ANNEM İzmir’den teessüflerini bildirdi. Anneler Günü’nde kendisini hayal kırıklığına uğratmışım. Günün máná ve ehemmiyetine değineceğim yerde kalkmış alakasız bir konuya el atmışım pazar günü.
‘Anacığım’ dedim, ‘Bu köşeyi edineli beri yedinci Anneler Günü... Hadi Kıbrıs meselesi olsa neyse... Annan’ı var, referandumu var, inadı var, tıkanması var... Anneler Günü dediğinse sabit bir hadise. Yedinci senede artık hakkında söyleyecek bir sözüm kalmadı vallahi.’
Fakat kimin annesi tabii... İtiraz eden taş olur. Kadın-erkek konusunu açtı. Peki nasıl olup da dünya kurulduğundan beri aynı olan kadın-erkek ilişkisi hakkında 770 kere söyleyecek söz bulabilmişim.
Anneme sorarsanız esas kısır olan konu budur. Kısırlığı da mahremiyetinden gelir biraz. Öyle uluorta konuşulmaz. ‘Hamile olduğumuzdan bile doğurduğumuzda haberdar olurdu büyüklerimiz’ der her zaman.

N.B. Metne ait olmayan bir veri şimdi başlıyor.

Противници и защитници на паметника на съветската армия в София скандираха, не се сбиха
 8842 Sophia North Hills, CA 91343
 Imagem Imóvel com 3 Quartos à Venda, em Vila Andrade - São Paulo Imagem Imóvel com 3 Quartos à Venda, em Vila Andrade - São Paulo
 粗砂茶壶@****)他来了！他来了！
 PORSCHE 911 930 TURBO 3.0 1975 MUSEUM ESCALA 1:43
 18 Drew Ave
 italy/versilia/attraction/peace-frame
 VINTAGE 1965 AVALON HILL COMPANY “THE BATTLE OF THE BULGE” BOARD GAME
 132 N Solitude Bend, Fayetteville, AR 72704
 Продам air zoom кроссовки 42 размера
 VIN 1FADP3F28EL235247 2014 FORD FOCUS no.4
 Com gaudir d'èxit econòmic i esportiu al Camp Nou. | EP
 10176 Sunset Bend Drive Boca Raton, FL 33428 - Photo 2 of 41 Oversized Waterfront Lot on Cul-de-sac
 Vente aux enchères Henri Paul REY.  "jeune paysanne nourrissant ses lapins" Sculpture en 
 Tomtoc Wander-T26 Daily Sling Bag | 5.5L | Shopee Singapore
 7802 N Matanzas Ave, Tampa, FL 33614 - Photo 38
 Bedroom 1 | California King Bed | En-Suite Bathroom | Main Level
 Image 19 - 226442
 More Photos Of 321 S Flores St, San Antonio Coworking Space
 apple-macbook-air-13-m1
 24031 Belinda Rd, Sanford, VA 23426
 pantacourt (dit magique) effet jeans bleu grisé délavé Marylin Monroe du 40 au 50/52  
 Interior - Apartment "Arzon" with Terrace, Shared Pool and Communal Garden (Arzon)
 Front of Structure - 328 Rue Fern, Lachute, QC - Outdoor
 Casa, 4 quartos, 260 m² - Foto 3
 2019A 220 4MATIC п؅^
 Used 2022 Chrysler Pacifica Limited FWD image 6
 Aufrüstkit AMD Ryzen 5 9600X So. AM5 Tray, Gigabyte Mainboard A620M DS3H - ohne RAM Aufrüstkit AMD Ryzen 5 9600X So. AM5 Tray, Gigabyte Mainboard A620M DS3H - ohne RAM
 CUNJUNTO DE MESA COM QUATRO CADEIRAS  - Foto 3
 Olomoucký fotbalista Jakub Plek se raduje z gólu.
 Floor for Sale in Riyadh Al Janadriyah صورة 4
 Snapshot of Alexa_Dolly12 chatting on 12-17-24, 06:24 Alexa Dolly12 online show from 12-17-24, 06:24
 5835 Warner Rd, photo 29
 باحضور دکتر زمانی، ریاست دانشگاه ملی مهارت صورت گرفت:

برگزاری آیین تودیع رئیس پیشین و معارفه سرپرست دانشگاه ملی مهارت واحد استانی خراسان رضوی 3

Bu sefer de dedi ve son noktayı koymadan önce lafı Emin Çölaşan’a getirdi. ‘Sen bir tek gün Emin Çölaşan’ın eşinden bahsettiğini gördün mü?’
Ve telefonu kapattı.
Katillere bile savunma hakkı veriyorlar. Allah’tan şu köşe var yani...
Fakat her şey bir yana, köşe yazıları konusunda annemin hakkını teslim etmek lazım. Sıkıyönetim zamanlarında gazeteleri denetleme işini kendisine vermemeleri memleket için büyük kayıptır. Gerçi asker değil ama fahri olarak alnının akıyla altından kalkardı bu işin, eminim.
Gelelim telefonda veremediğim cevaba...
Anacığım,
Biz birbirimizin alanına girmiyoruz. Sen de benim misal Melih Gökçek hakkında iki satır yazdığımı gördün mü hiç?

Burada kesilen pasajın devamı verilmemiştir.